> [HOW TO COMPLETE THIS TASK]: In the listing below, find the line with "SH9566 Euphorbia longituberculosa" and the line with "Majestic Lovebirds: Exploring". Repeat those two lines and all lines between them exactly.

--- RECORDS Enclosed Below ---

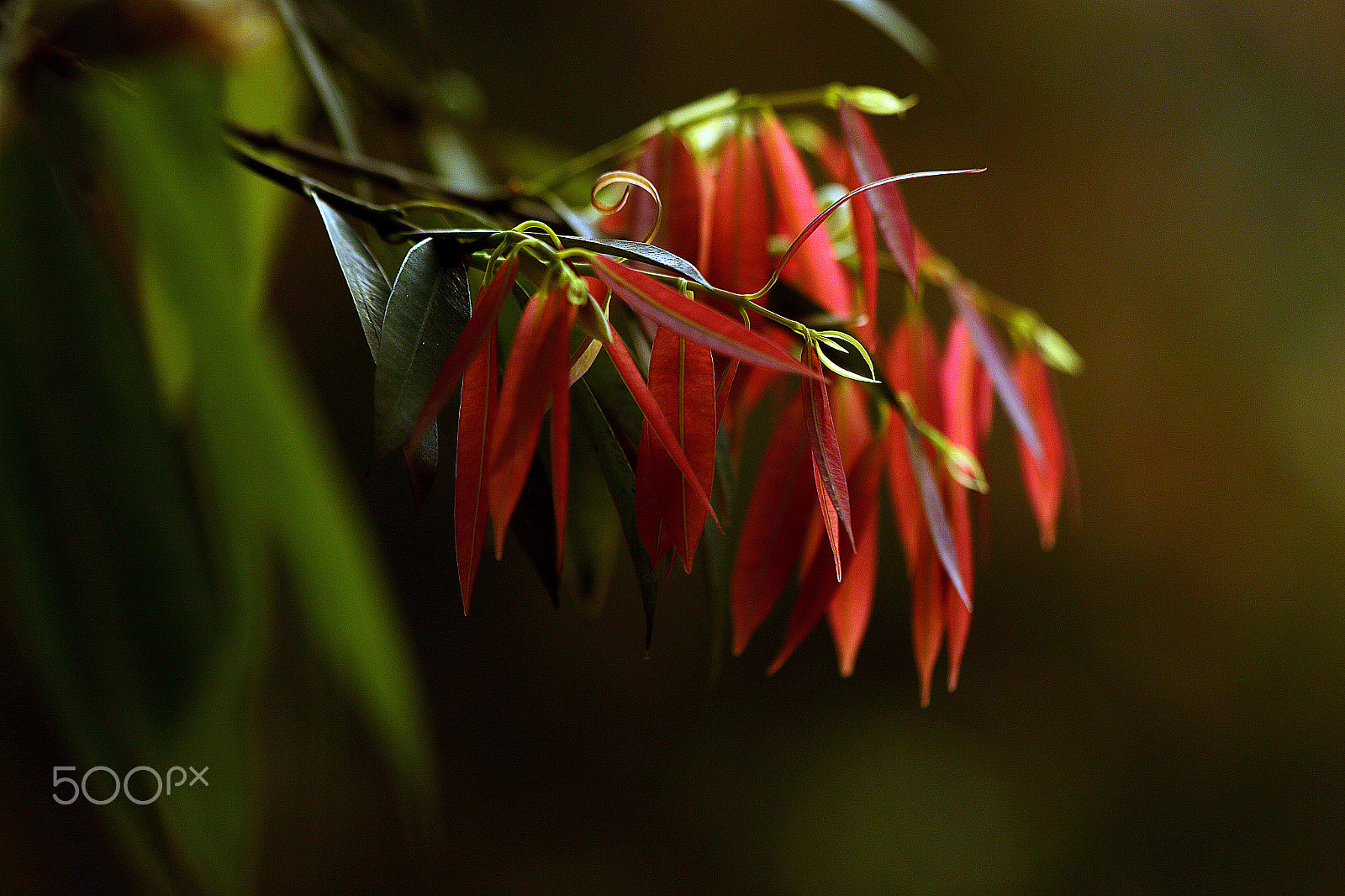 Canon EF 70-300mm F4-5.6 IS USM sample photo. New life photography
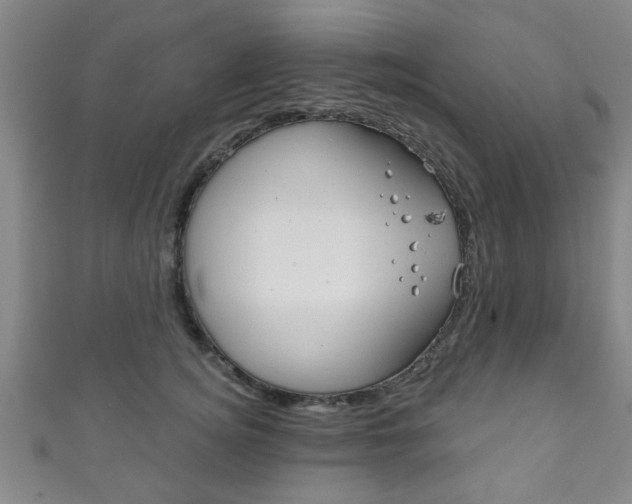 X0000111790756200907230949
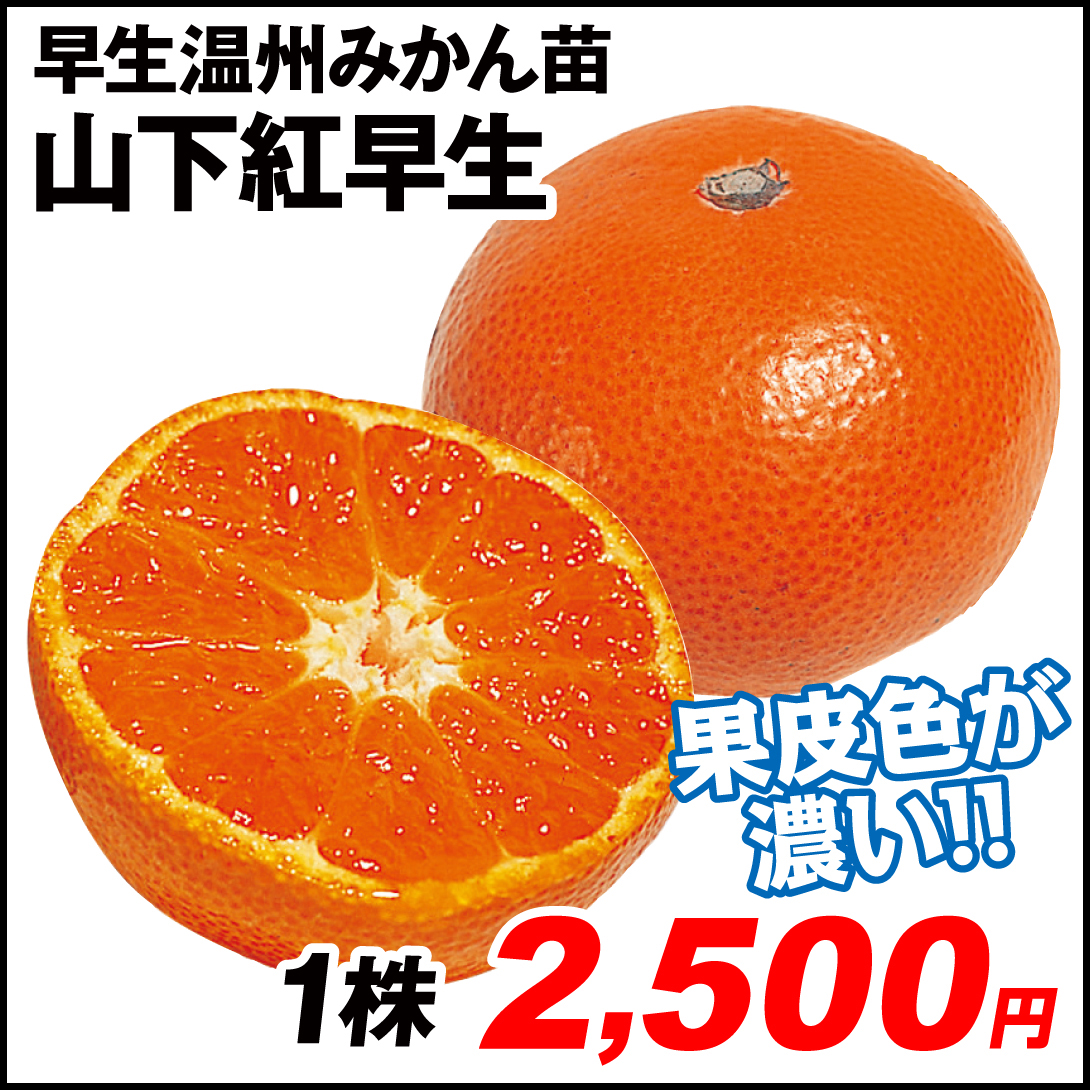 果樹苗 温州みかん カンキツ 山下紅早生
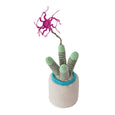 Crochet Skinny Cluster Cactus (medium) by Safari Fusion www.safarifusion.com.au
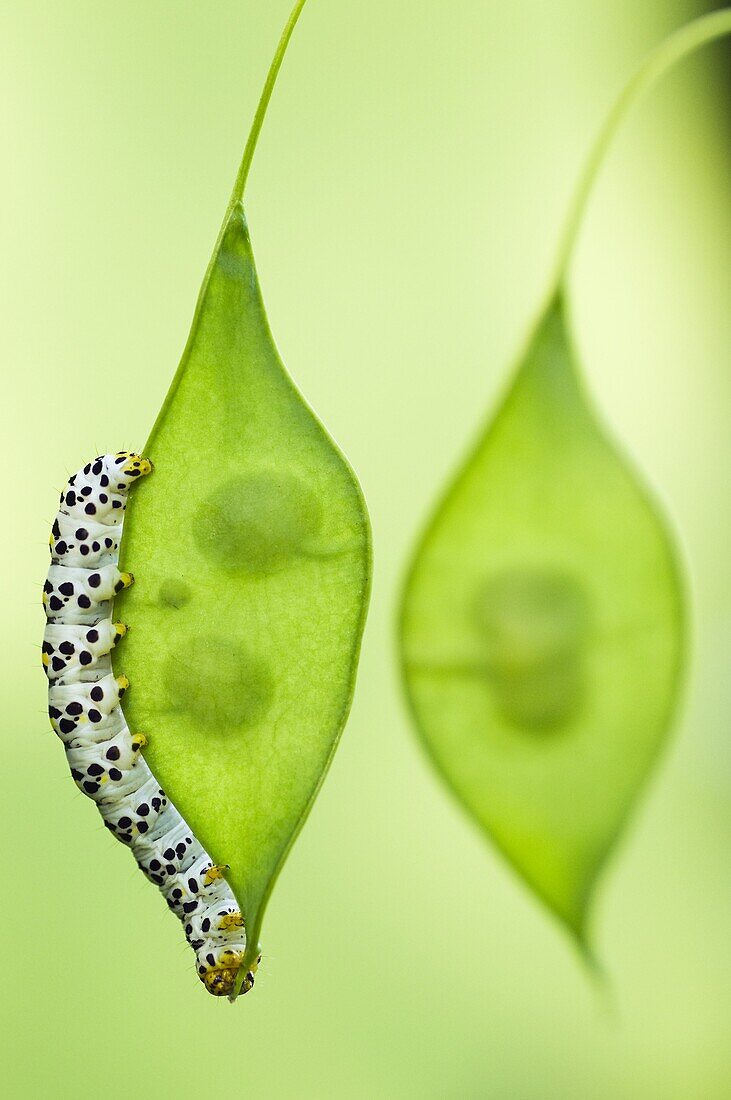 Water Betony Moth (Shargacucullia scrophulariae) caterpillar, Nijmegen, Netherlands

--- End of Enclosed RECORDS ---
--- RECORDS Enclosed Below ---

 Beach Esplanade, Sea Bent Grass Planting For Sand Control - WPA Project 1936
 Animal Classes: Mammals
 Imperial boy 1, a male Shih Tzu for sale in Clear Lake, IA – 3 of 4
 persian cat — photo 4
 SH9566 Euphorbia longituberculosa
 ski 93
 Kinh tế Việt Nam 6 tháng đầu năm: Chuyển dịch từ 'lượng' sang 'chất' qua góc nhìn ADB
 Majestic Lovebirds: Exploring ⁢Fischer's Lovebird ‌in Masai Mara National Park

--- End of Enclosed RECORDS ---
--- RECORDS Enclosed Below ---

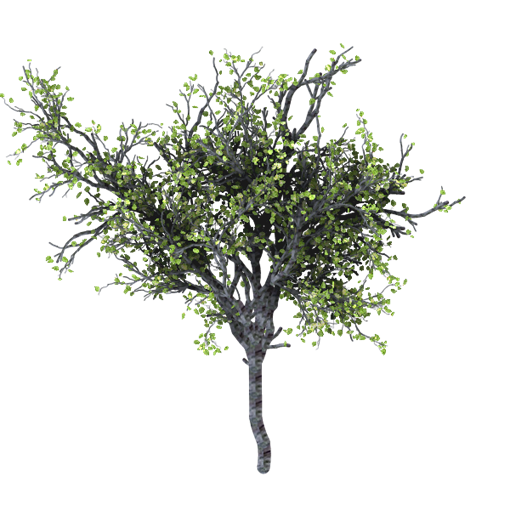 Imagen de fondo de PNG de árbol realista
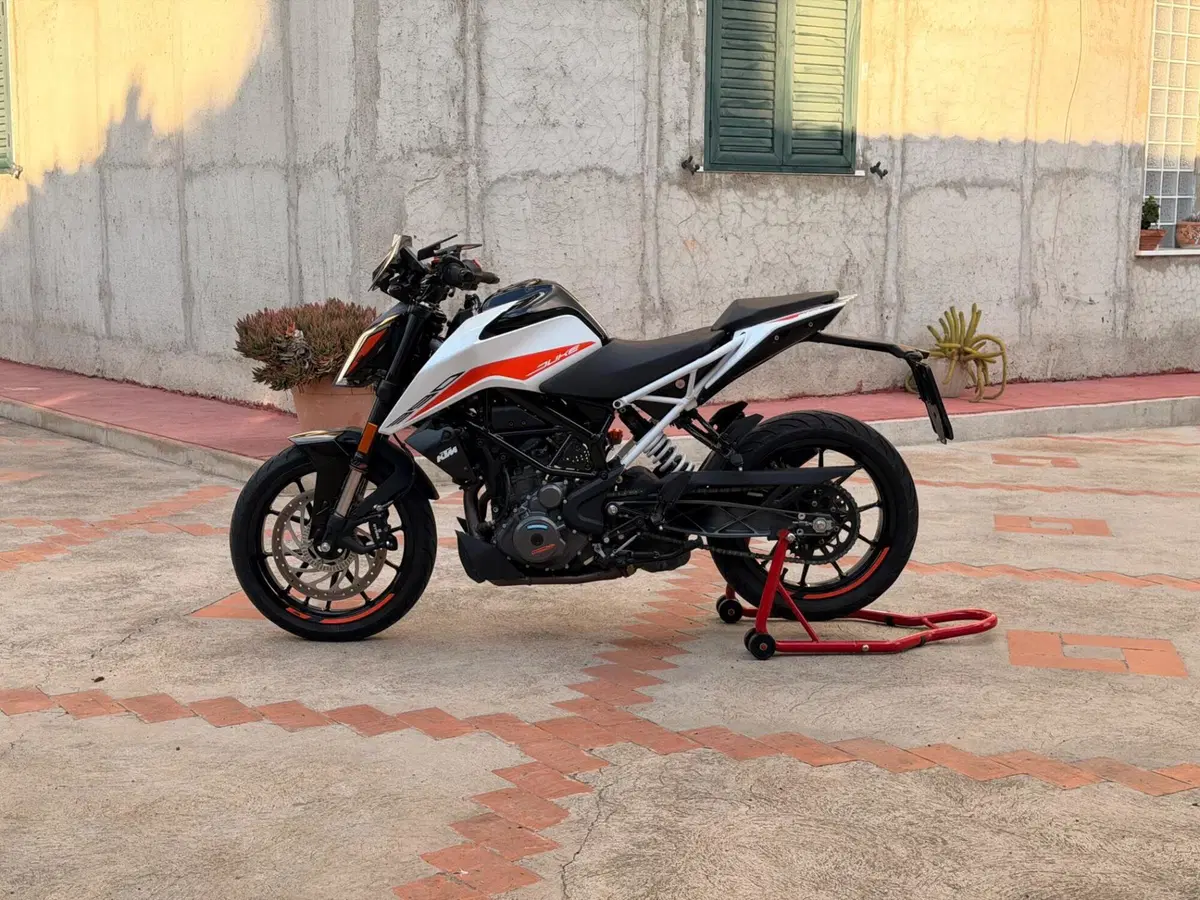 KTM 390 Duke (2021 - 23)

--- End of Enclosed RECORDS ---

> [TASK SOLUTION]:
 SH9566 Euphorbia longituberculosa
 ski 93
 Kinh tế Việt Nam 6 tháng đầu năm: Chuyển dịch từ 'lượng' sang 'chất' qua góc nhìn ADB
 Majestic Lovebirds: Exploring ⁢Fischer's Lovebird ‌in Masai Mara National Park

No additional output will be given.